# Data Preparation

- Splits data into a global Training and Test Set.
- Drops Price Column.

In [1]:
import sklearn
import sys
import numpy as np
import pandas as pd
import swifter
import os
import matplotlib.pyplot as plt

from sklearn.model_selection import train_test_split
from kedro.extras.datasets.pandas import CSVDataSet

2020-05-26 10:54:25,370 - numexpr.utils - INFO - Note: NumExpr detected 16 cores but "NUMEXPR_MAX_THREADS" not set, so enforcing safe limit of 8.
2020-05-26 10:54:25,370 - numexpr.utils - INFO - NumExpr defaulting to 8 threads.


### Loading Data

In [2]:
Battle_Results = catalog.load('Battle_Results')
Weakness_Pokemon = catalog.load('Weakness_Pokemon')
AllPokemons = catalog.load('All_Pokemons')

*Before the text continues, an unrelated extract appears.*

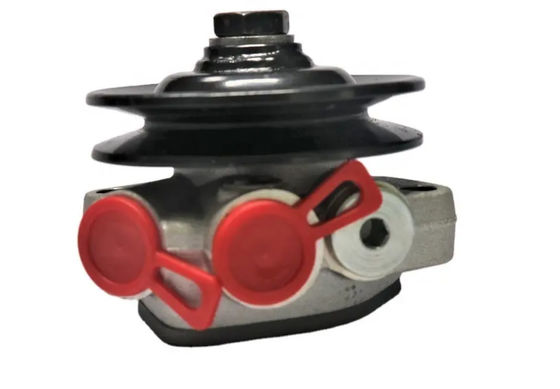 L50E L45B  Suku Cadang Pompa Transfer Bahan Bakar Excavator 20460417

2020-05-26 10:54:26,424 - kedro.io.data_catalog - INFO - Loading data from `Battle_Results` (CSVDataSet)...
2020-05-26 10:54:29,185 - kedro.io.data_catalog - INFO - Loading data from `Weakness_Pokemon` (CSVDataSet)...
2020-05-26 10:54:29,189 - kedro.io.data_catalog - INFO - Loading data from `All_Pokemons` (CSVDataSet)...


### Split Data & Save Test Set

In [3]:
Battle_Results.drop(columns=["Price_1", "Price_2"], inplace=True)

In [11]:
train_val_set, test_set = train_test_split(Battle_Results, test_size=0.1, random_state=42)

In [7]:
catalog.add("Battle_Results_Test", CSVDataSet(filepath="../../data/02_intermediate/Battle_Results_Test.csv"))
catalog.save("Battle_Results_Test", test_set)

2020-05-21 22:24:29,452 - kedro.io.data_catalog - INFO - Saving data to `Battle_Results_Test` (CSVDataSet)...


In [10]:
catalog.add("Battle_Results_Train", CSVDataSet(filepath="../../data/02_intermediate/Battle_Results_Train.csv"))
catalog.save("Battle_Results_Train", train_val_set)

2020-05-21 22:25:14,495 - kedro.io.data_catalog - INFO - Saving data to `Battle_Results_Train` (CSVDataSet)...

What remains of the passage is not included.